The factual posture of this claim clearly distinguishes it from Hamilton and the cases which preceded it. In Hamilton, unlike the situation in this case, the appellant was denied benefits by the RO after the BVA remanded. Hamilton, 39 F.3d at 1578. Hamilton was not granted service connection for PTSD by the RO on remand. His claim remained denied, and, under the language of 38 C.F.R. § 19.38, he was denied “the allowance of all benefits sought on appeal.” Therefore, his claim remained in appellate status. In the instant case, the appellant was awarded service connection with a 10% rating and an effective date thereby granting him the “full benefits” he sought on his appeal. After that award, appellate status for the back claim no longer existed and the appellant’s original claim for service connection ended. From that point, the appellant could only pursue a claim for an increased rating or an earlier effective date and do so by filing a NOD.

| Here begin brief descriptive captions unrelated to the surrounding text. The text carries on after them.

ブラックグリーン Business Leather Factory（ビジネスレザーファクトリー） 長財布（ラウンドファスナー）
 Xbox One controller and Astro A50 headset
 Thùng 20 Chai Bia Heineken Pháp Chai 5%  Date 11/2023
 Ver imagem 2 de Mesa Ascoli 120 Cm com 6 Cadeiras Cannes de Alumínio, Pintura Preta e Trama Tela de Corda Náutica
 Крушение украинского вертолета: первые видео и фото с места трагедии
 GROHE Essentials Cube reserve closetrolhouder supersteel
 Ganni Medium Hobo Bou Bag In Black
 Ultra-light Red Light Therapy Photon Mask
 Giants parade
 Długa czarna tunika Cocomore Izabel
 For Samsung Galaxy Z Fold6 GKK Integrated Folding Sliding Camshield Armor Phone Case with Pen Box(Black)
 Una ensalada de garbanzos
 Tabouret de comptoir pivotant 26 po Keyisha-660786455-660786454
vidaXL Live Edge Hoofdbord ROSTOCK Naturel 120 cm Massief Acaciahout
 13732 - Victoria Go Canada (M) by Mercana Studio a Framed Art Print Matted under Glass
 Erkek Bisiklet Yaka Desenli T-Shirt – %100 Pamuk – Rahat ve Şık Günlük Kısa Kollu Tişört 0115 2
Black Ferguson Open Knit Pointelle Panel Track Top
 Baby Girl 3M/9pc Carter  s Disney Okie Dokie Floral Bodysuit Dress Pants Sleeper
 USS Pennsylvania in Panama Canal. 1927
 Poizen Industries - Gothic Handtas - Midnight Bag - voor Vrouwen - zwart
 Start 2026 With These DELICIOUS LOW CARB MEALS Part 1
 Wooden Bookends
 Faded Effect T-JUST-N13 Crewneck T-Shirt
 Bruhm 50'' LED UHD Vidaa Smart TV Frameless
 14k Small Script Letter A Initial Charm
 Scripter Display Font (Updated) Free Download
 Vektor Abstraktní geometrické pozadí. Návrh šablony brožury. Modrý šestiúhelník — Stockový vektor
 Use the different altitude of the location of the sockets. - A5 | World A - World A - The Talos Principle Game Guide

Although at first glance, the language of the Hamilton opinion appears to encompass the facts in this case, the procedural facts of this case make the appellant’s back claim one of first impression for this Court. By applying a broad interpretation of the Hamilton holding to this case, the majority creates an outcome not contemplated by the Hamilton Court — one which would lead to disparate treatment of veterans who have received identical final decisions. While other appellants would be required to file an NOD in order to appeal a'final decision, this appellant, and those similarly situated, would be granted automatic review by the BVA.

Not only would the result reached by the majority grant disparate treatment of similarly situated veterans, it would fly in the face of long-established procedures, procedures followed by the RO and the BVA in this case, and it tortures the regulatory scheme to do so. It is clear from a reading of the regulations that they are in place to address claims where full benefits are not granted and not claims where benefits are fully granted and are, thus, finally decided claims.

The majority interprets the language of 38 C.F.R. § 20.302(c) in such a manner as to support their conclusion that the appellant’s claim remains in appellate status. However, the same result could and should be achieved by simply acknowledging that full benefits were granted in April 1993 and that an NOD is required in order to start the appeal as to the back claim. By ignoring this simple fact without explanation, the majority forces itself to take a highly circuitous route to find a basis for the veteran’s appeal. In its analysis, the majority states that “[i]n view of the cross reference to § 20.302(c) in § 19.38, the Court must construe both sections together so that each is part of a ‘harmonious whole.’ ” Ante at 328 (citing Talley v. Derwinski, 2 Vet.App. 282, 286 (1992)). I disagree. The reference to section 20.302(c) simply provides procedural guidance for responding to an SSOC. No language, in either § 19.38 or § 20.302(c) suggests that the provisions are to be read as a “harmonious whole.”

In summary, the BVA properly found that the appellant’s claim had been fully adjudicated by the RO on remand. See R. at 2. The only error committed by the Board with respect to the appellant’s back claim was a failure to recognize the appellant’s September and November 1993 correspondence to-the VA as valid NODs. Although I disagree with the majority’s analysis, I do agree with the result because the appellant in this case did file correspondence in September and again in November of 1993, each constituting *333a valid NOD for the back claim, and thereby initiating the appeal of the back claim.